▶ **Try it**:
In the entries below, begin at the line with "Don't forget to" and stop after the line with "Hi everybody, this"; output those lines exactly and omit the pictures.
============================================================
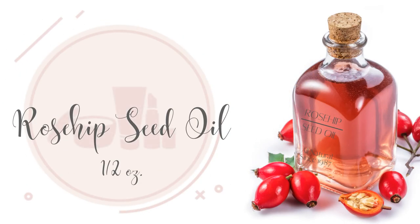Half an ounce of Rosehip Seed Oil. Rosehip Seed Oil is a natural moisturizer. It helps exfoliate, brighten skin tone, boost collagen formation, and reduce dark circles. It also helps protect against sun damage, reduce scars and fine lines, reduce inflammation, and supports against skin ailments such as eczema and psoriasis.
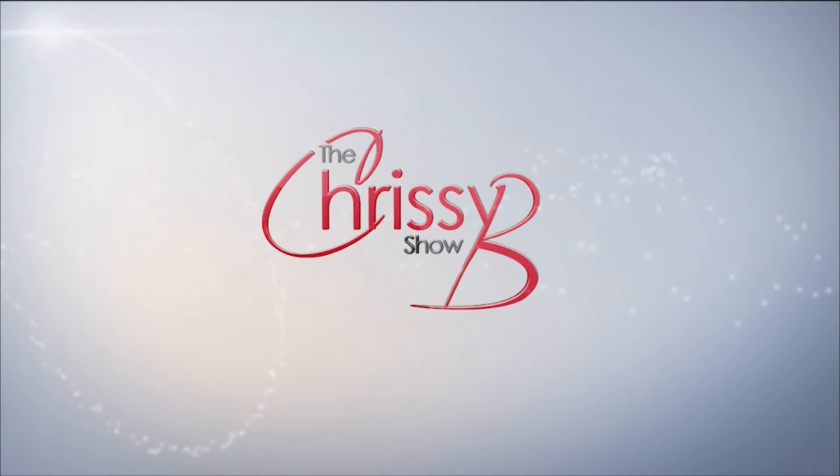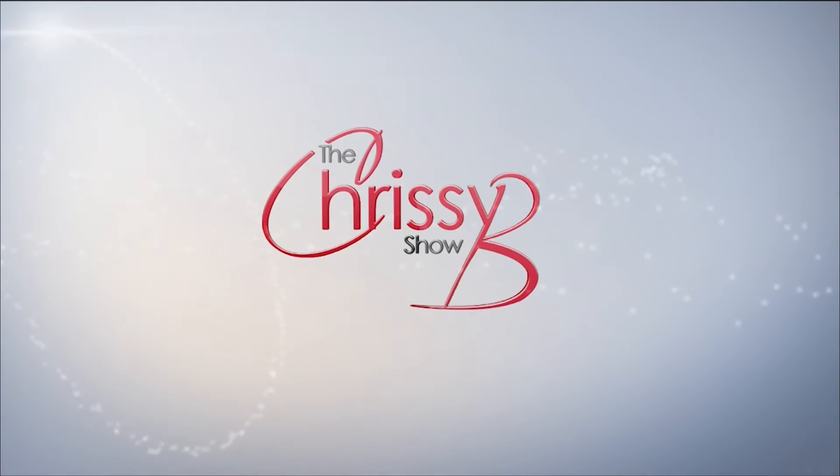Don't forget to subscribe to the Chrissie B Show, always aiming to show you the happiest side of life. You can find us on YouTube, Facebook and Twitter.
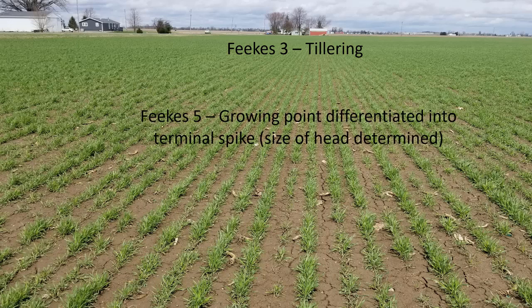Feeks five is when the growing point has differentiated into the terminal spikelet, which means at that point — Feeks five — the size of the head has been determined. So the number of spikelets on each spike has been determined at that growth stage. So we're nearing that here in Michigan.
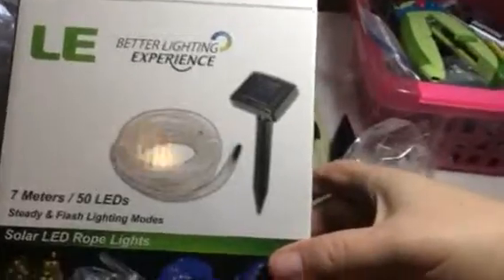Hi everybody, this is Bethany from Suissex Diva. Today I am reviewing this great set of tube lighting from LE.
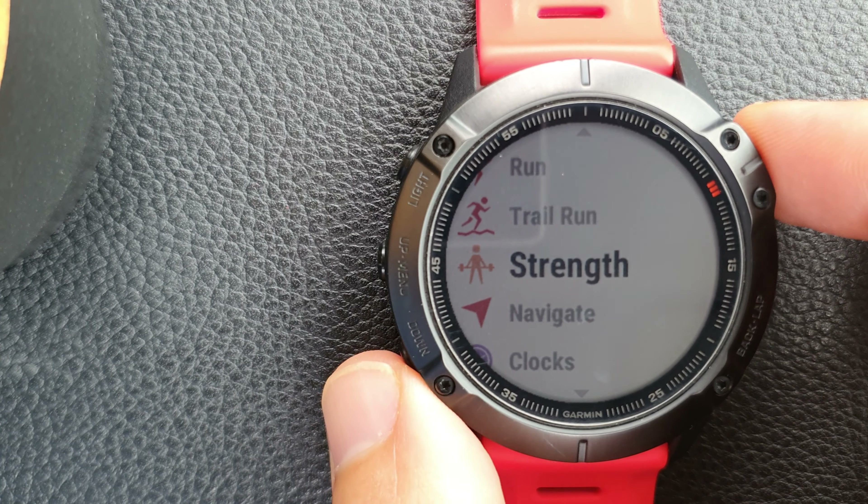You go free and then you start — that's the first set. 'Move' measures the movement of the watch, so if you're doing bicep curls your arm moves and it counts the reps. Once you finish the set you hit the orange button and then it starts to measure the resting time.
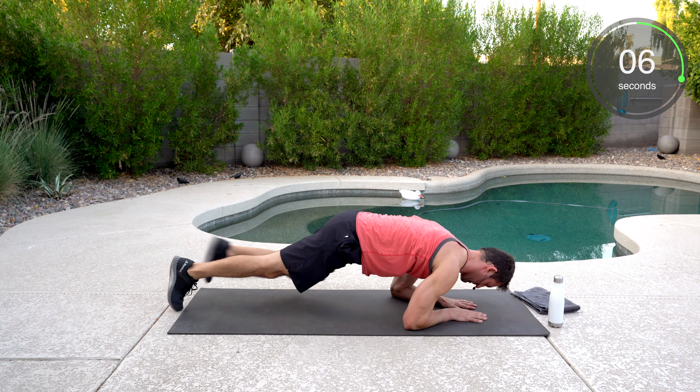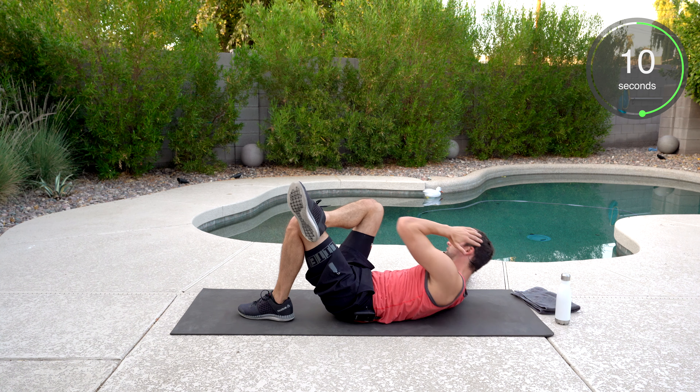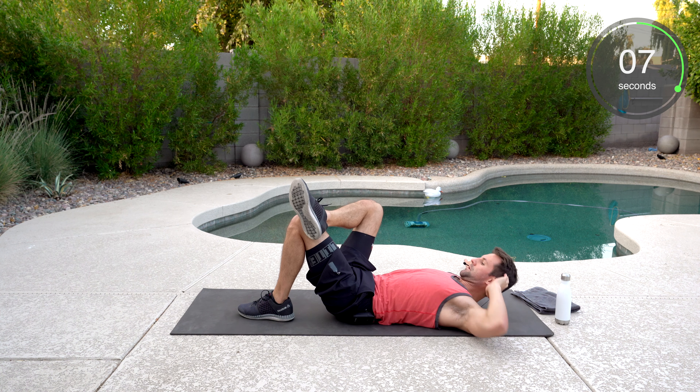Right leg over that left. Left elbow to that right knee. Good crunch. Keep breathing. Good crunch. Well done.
============================================================
▶ **Solution**:
Don't forget to subscribe to the Chrissie B Show, always aiming to show you the happiest side of life. You can find us on YouTube, Facebook and Twitter.
Feeks five is when the growing point has differentiated into the terminal spikelet, which means at that point — Feeks five — the size of the head has been determined. So the number of spikelets on each spike has been determined at that growth stage. So we're nearing that here in Michigan.
Hi everybody, this is Bethany from Suissex Diva. Today I am reviewing this great set of tube lighting from LE.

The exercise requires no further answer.